The required output is the exact run of lines in the listing below from the line holding "SENIL: Definición, CARACTERÍSTICAS" through the line holding "Courbe de tempratures pour Brigueuil (16)", with no pictures.

• _PROVIDED RECORDS_
━━━━━━━━

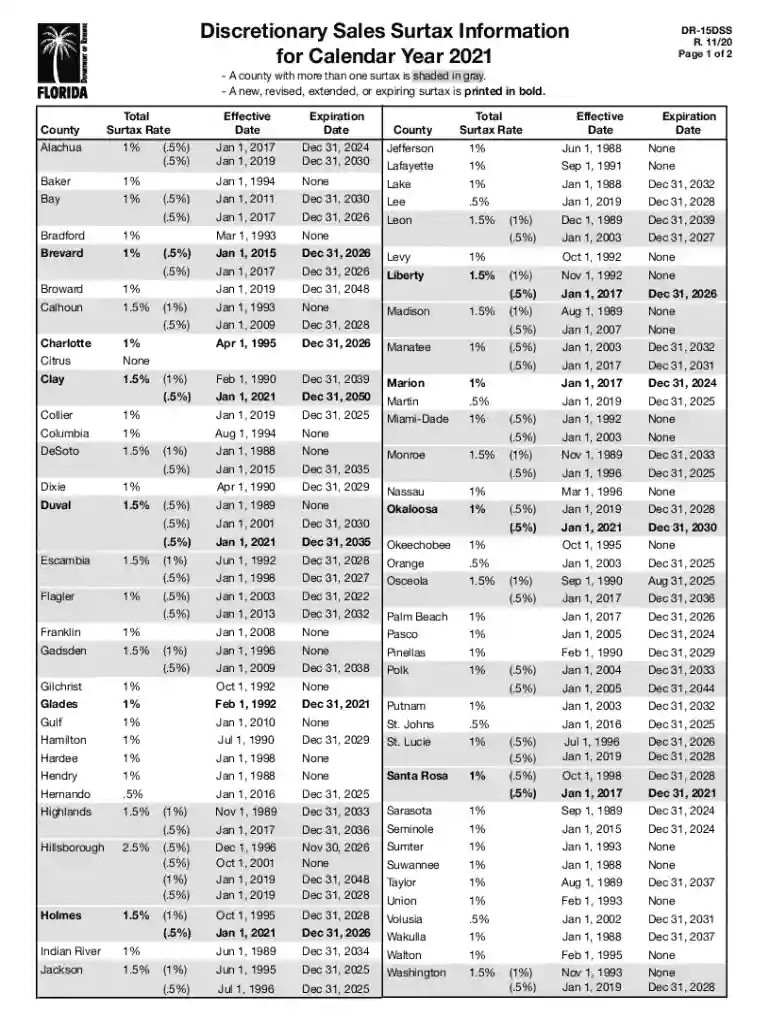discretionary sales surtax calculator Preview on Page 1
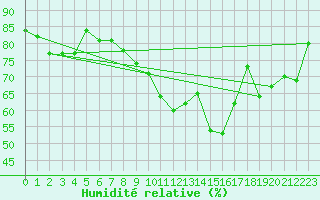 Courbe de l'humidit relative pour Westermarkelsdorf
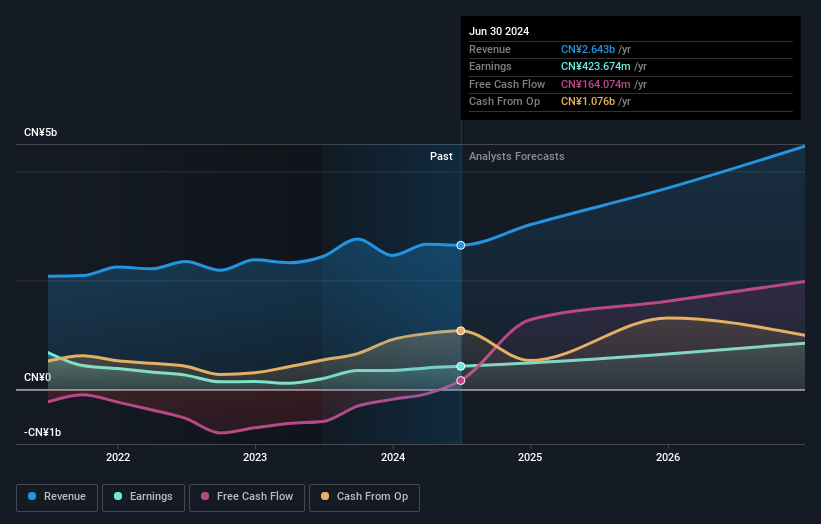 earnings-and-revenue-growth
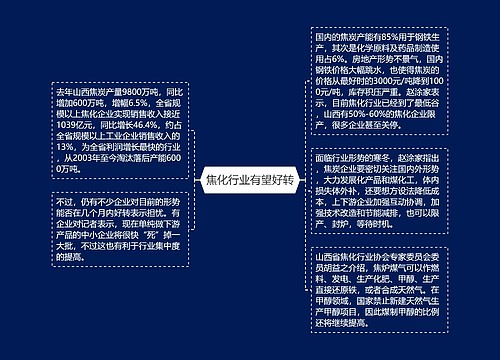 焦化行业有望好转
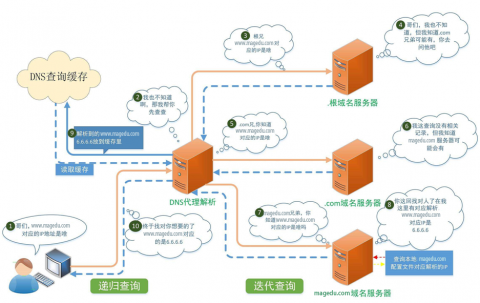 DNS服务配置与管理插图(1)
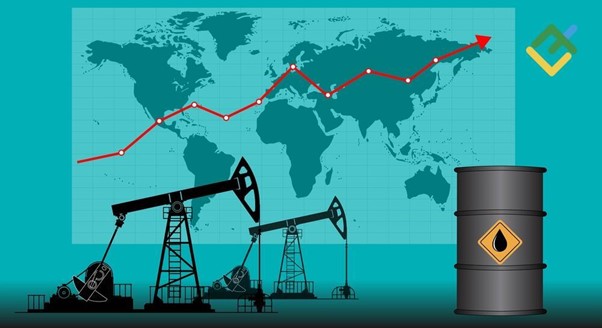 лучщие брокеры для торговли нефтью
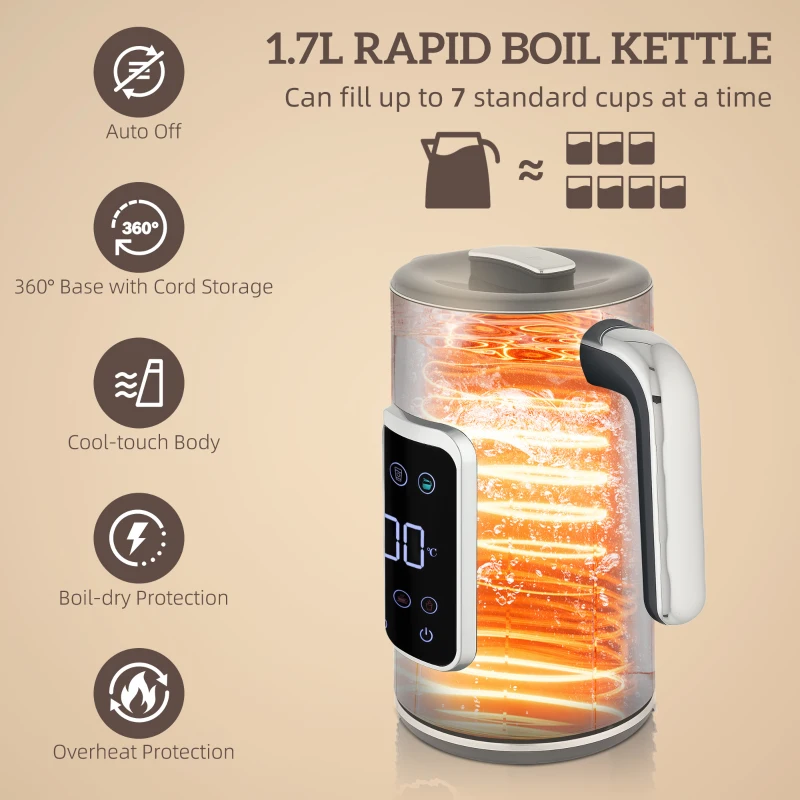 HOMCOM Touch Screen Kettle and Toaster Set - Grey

━━━━━━━━

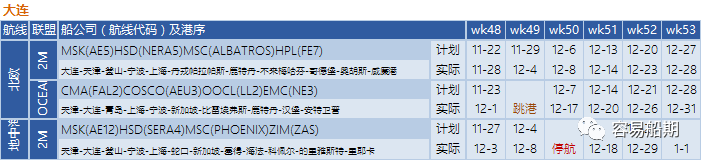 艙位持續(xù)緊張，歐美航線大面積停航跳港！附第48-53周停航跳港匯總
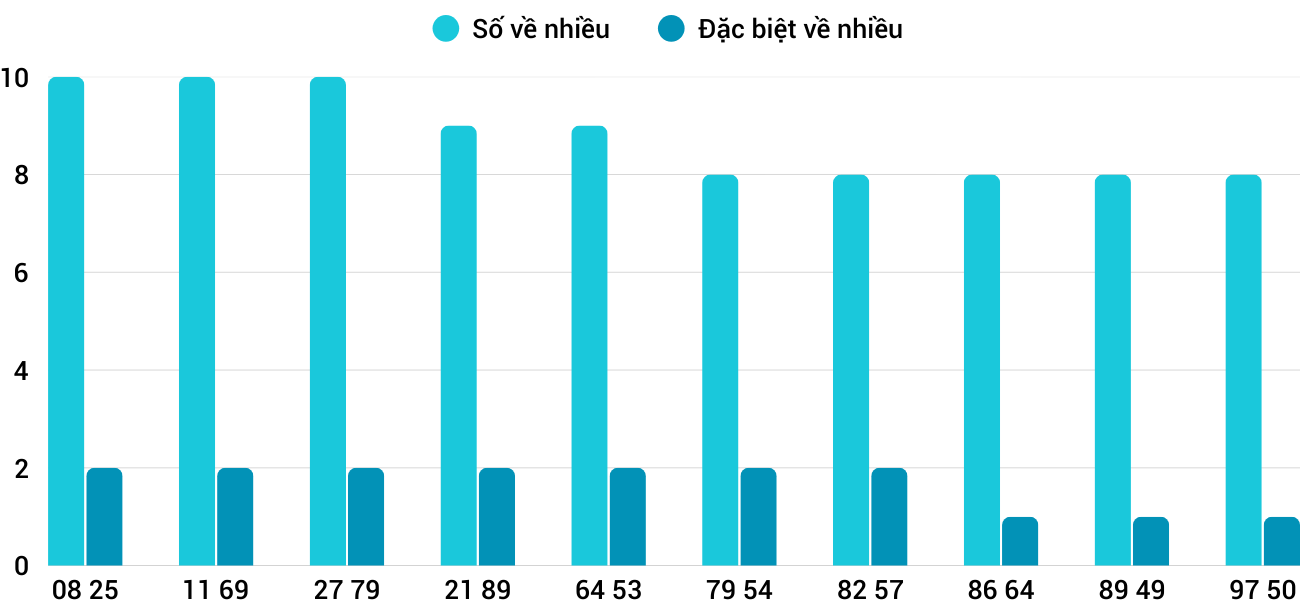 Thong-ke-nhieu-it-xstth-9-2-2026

━━━━━━━━

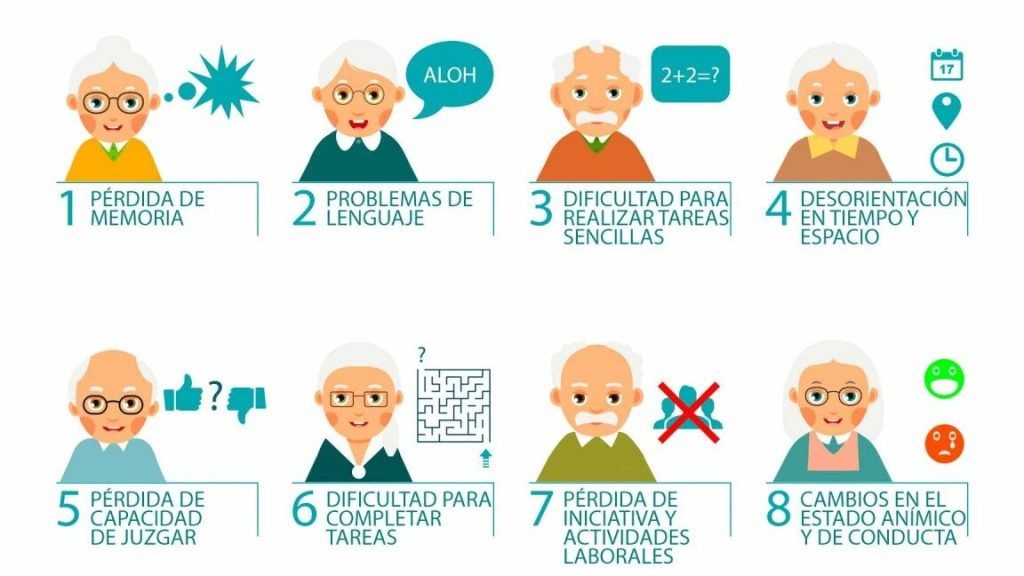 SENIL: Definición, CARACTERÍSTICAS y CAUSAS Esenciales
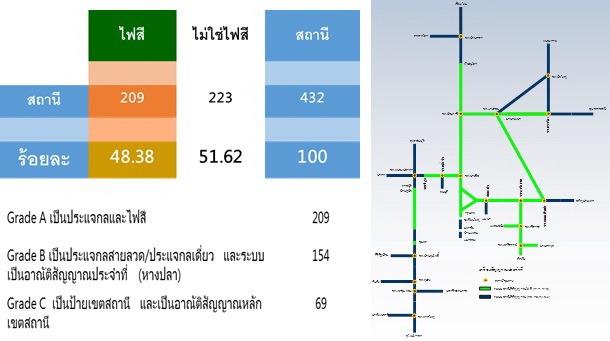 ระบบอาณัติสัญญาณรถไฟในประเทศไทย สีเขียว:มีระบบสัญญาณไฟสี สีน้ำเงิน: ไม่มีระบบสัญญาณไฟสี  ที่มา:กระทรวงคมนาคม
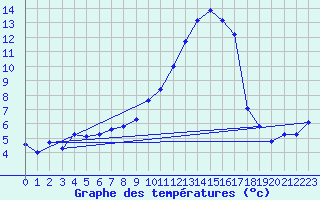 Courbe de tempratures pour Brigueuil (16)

━━━━━━━━

• _RESPONSE BOX_
 SENIL: Definición, CARACTERÍSTICAS y CAUSAS Esenciales
 ระบบอาณัติสัญญาณรถไฟในประเทศไทย สีเขียว:มีระบบสัญญาณไฟสี สีน้ำเงิน: ไม่มีระบบสัญญาณไฟสี  ที่มา:กระทรวงคมนาคม
 Courbe de tempratures pour Brigueuil (16)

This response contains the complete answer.